TRY IT: Each line below is to be copied exactly; images do not go into the copy.

DATASET SECTION:
=-=-=-=-=
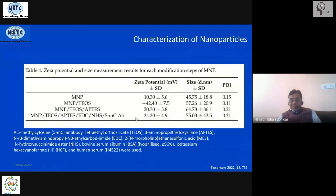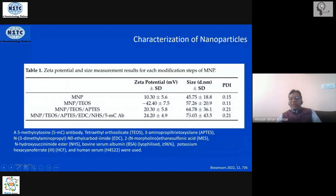Further functionalization with APTES changes the charge back to positive polarity — from 10 to 20 millivolts — and the size increases marginally from 57 to about 64 or 65 nanometers.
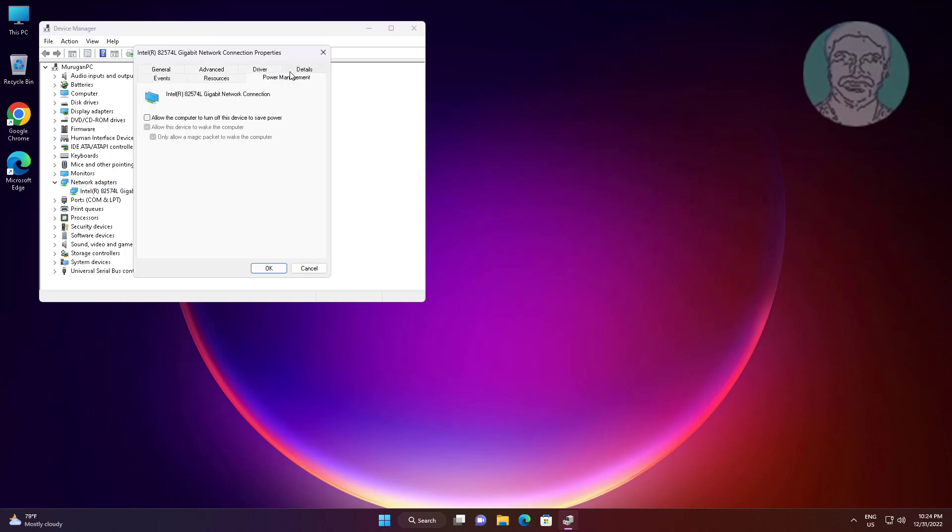Click power management and check 'allow the computer to turn off this device to save power.'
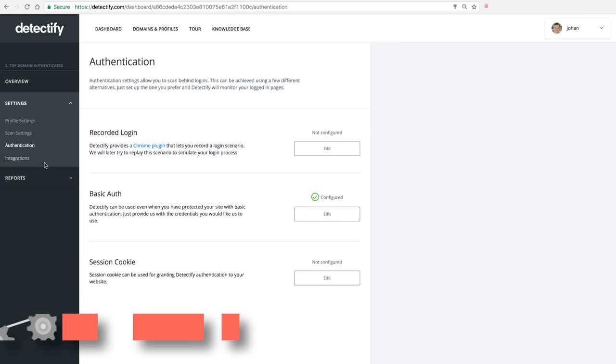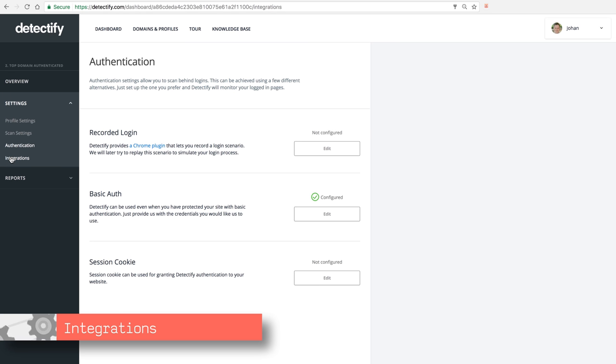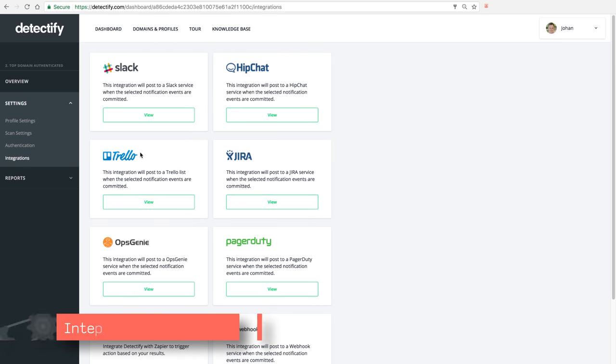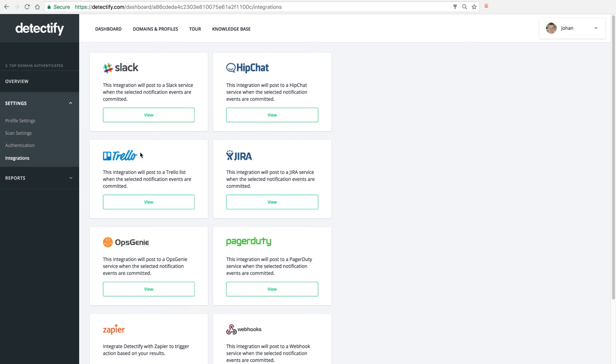The last part of the settings page is integrations. We believe that Detectify should be a part of your everyday working process as a web developer, and to be that, we believe that we need to exist in the channels you usually spend your time in.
=-=-=-=-=
ANSWER SECTION:
Further functionalization with APTES changes the charge back to positive polarity — from 10 to 20 millivolts — and the size increases marginally from 57 to about 64 or 65 nanometers.
Click power management and check 'allow the computer to turn off this device to save power.'
The last part of the settings page is integrations. We believe that Detectify should be a part of your everyday working process as a web developer, and to be that, we believe that we need to exist in the channels you usually spend your time in.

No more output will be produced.